Collection entries:
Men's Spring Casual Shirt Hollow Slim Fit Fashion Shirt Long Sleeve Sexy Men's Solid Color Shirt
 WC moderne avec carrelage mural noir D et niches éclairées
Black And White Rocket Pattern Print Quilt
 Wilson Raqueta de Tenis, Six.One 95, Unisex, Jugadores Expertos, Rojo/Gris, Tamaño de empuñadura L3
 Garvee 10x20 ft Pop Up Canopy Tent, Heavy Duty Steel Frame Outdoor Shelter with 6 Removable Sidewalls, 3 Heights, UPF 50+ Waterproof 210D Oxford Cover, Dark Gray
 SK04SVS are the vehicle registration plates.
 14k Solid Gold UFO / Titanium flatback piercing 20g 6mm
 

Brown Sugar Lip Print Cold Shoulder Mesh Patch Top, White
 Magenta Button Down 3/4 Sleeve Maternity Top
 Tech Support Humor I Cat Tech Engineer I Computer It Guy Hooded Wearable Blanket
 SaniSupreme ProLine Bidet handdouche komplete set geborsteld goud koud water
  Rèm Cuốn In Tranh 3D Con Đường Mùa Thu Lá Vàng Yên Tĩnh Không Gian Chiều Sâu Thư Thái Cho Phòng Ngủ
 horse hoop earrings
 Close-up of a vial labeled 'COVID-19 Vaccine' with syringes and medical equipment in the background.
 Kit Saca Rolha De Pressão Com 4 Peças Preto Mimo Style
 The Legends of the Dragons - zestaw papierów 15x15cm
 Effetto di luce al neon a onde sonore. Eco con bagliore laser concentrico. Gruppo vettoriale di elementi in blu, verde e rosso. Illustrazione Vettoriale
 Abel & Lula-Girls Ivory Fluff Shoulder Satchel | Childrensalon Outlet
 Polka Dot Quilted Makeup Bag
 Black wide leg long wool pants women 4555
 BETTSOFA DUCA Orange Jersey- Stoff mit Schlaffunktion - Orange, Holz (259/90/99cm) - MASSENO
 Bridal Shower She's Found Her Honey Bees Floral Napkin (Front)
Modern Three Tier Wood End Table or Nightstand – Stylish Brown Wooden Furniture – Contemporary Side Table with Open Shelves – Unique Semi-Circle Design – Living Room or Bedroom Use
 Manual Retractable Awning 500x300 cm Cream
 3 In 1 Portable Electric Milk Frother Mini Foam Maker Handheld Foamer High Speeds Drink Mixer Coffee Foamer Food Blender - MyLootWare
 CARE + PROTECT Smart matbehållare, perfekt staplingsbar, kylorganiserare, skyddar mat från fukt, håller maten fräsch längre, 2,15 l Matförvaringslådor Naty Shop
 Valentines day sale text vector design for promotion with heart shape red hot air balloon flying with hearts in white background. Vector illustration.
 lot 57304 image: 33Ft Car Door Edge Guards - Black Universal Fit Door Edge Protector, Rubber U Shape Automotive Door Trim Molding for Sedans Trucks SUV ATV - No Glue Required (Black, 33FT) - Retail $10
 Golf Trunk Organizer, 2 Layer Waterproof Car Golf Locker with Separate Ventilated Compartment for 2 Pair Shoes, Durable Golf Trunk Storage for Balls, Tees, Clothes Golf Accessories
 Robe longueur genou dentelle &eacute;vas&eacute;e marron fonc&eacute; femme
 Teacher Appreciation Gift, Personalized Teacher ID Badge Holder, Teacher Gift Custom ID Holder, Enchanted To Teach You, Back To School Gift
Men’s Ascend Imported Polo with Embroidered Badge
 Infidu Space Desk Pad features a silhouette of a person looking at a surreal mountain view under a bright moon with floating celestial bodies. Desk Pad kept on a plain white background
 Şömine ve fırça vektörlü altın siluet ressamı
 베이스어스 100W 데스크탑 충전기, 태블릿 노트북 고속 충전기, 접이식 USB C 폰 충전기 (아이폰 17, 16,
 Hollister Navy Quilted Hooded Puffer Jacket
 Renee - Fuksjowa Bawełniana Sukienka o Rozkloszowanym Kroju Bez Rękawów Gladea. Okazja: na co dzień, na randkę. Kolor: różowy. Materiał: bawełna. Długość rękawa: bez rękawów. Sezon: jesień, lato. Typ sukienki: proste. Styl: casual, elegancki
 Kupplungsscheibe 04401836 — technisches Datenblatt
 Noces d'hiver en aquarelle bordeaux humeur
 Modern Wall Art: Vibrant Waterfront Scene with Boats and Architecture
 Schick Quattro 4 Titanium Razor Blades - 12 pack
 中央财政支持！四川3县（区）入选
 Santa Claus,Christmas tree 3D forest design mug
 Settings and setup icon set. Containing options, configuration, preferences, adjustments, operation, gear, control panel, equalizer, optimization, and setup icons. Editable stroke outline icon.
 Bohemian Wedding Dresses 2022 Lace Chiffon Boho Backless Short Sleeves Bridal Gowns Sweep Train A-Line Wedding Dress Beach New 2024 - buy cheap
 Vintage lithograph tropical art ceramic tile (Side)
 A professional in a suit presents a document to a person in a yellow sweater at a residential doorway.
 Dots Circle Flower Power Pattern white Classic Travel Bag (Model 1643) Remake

◆ Work instructions ◆
Only the lines above, from the first through the one holding "Tech Support Humor", are to be output, and they must be copied exactly.

◆ Worked solution ◆
Men's Spring Casual Shirt Hollow Slim Fit Fashion Shirt Long Sleeve Sexy Men's Solid Color Shirt
 WC moderne avec carrelage mural noir D et niches éclairées
Black And White Rocket Pattern Print Quilt
 Wilson Raqueta de Tenis, Six.One 95, Unisex, Jugadores Expertos, Rojo/Gris, Tamaño de empuñadura L3
 Garvee 10x20 ft Pop Up Canopy Tent, Heavy Duty Steel Frame Outdoor Shelter with 6 Removable Sidewalls, 3 Heights, UPF 50+ Waterproof 210D Oxford Cover, Dark Gray
 SK04SVS are the vehicle registration plates.
 14k Solid Gold UFO / Titanium flatback piercing 20g 6mm
 

Brown Sugar Lip Print Cold Shoulder Mesh Patch Top, White
 Magenta Button Down 3/4 Sleeve Maternity Top
 Tech Support Humor I Cat Tech Engineer I Computer It Guy Hooded Wearable Blanket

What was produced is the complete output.